The latest film from acclaimed South Korean director Yeon Sang-ho, “Train to Busan,” is an ambitious and visceral zombie apocalypse thriller that has taken the world by storm. Although it opened in late July, the film is already expected to cross the $100 million mark at the global box office later this month.
The film marks the director’s first foray into live action film, as Sang-ho previously made highly praised animated films “The King of Pigs” (2011) and “The Fake” (2013). Sang-ho recently spoke about his transition from animated to live-action films in an interview with Korean Film Biz Zone.
“I feel some pressure. But on the other hand, I have high expectations for the film since the project will allow me to focus on directing,” he told the outlet. “While making animations, in addition to directing, I have to engage in various tasks such as writing screenplays, drawing and painting, composition and editing. But I can focus on directing during production of ‘Busan.’ Also, the specialized production staffs are giving me a big helping hand. I think I will receive more help from them in the future.”
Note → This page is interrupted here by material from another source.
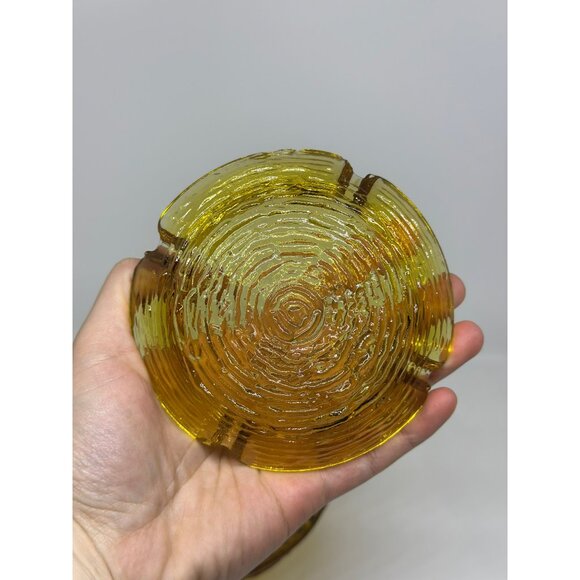 VTG 1970's Anchor Hocking Soreno Woodgrain Style Heavy Ashtray Amber Set of 2 - Picture 5 of 10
While Sang-ho’s previous experience with animation clearly comes through in the scenes CGI-laden action sequences, filming these scenes was not always easy for the cast. As the young actress Kim Su-an also told Korean Film Biz Zone, “While we were on location, we had to do over twenty takes, both because of the CGI work they would do later and also some focus problems.”
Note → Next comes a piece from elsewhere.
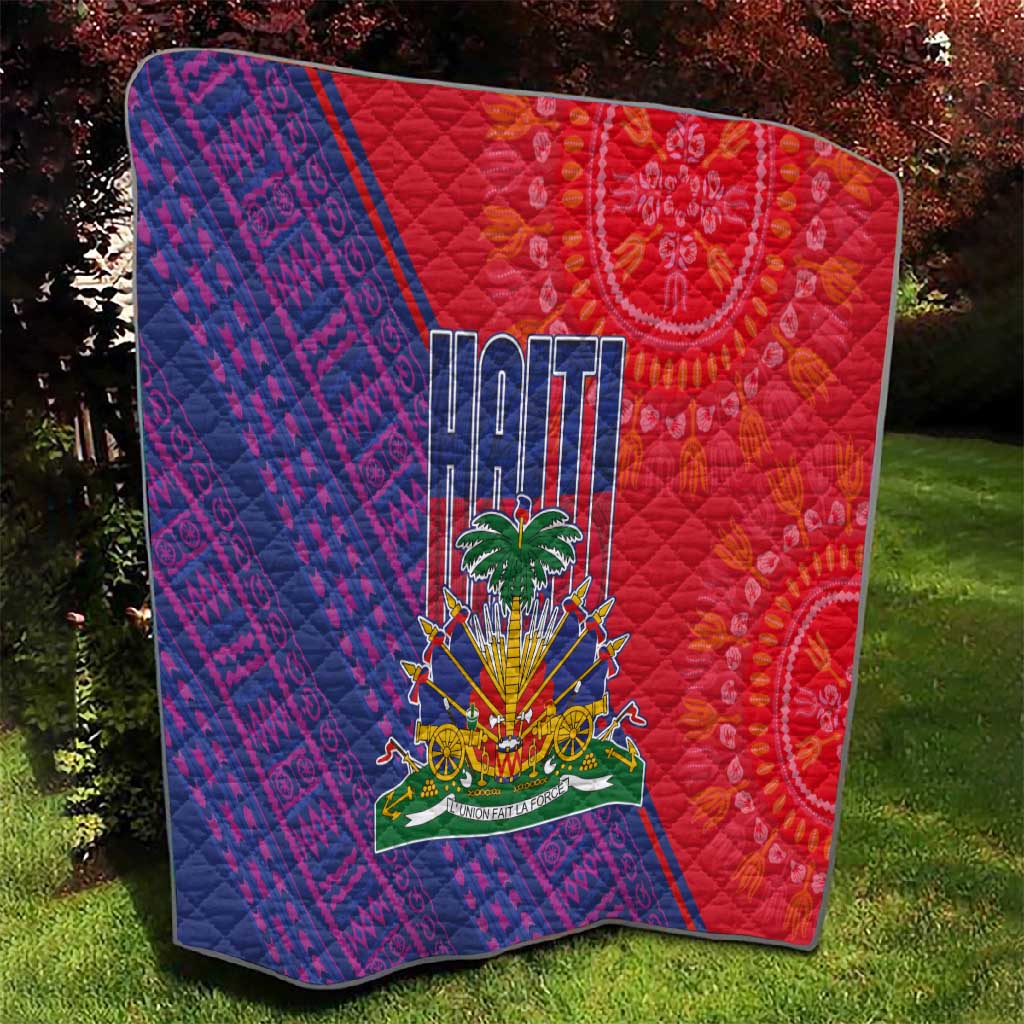 Haiti National Emblem Quilt Dashiki and Polynesian Pattern LT03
However, the filming issues did not stop with the special effects. The film’s star, Gong Yoo, described the issues he faced when learning how to fight zombies in a recent chat with online outlet Soompi. “I’ve filmed realistic action films before so I thought they were doable, but fighting with the zombies was extremely complicated,” he told the outlet. “Even if I try to match their movements, their bodies are always convulsing and their arms twisted, so when they attack it’s hard to take it from the receiving end. It’s also difficult to figure out where to hit them during fight scenes because zombies are always moving.”
While the west is relatively numb to zombie films, they remain an unexplored territory for South Korea. In fact, it was the film’s genre that initially attracted Gong Yoo to the part. He said as much in a recent interview with Korean Film Biz Zone. “I didn’t choose this film as a way of adapting my image or in order to show a new side of myself,” he told the outlet. “Instead, I chose it because it’s the first zombie blockbuster in Korea and I think it’s meaningful to try new things in cinema.”
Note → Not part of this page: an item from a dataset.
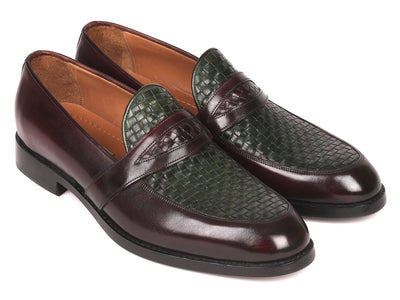 Paul Parkman Woven Leather Loafers Brown and Green (ID548LF832)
Much like Sang-ho’s fellow countryman, Bong Joon-ho’s 2013 sci-fi film “Snowpiercer” (which also involves a train), “Train to Busan” has a class conflict element to it. Throughout his career, Sang-ho has not shied away from tackling social issues. “The Fake” provided a critique of organized religion while “The King of Pigs” was also a class conflict allegory.
Nevertheless, Sang-ho isn’t sure how his latest film will be read by audiences. “The new film still tells a story about classes. But this film is less explicit in showing the theme. I am really curious about how audiences will respond to it,” he told Korean Film Biz Zone. “According to the investment company, the first half has similar characteristics to my previous films, but the second half is like a genre film loaded with a lot of action.”
So far, it seems that critics have definitely taken notice of the class conflict at the film’s center. Jeannette Catsoulis of the New York Times briefly summarized the film as “a public-transportation horror movie with a side helping of class warfare.”
While “Train to Busan” continues to surge at the box office, Sang-ho has returned to his roots by making an animated prequel, “Seoul Station,” which premiered at the Edinburgh Film Festival in August. The success of “Train to Busan” has led to to talk of a possible sequel. Sang-ho recently addressed this, telling Soompi, “I suppose since Ma Dong Seok‘s character is living on as a zombie, they could do a sequel from his character’s perspective.”
While it remains to be seen if a sequel will indeed materialize, with the film’s growing popularity, it appears that the demand will be great.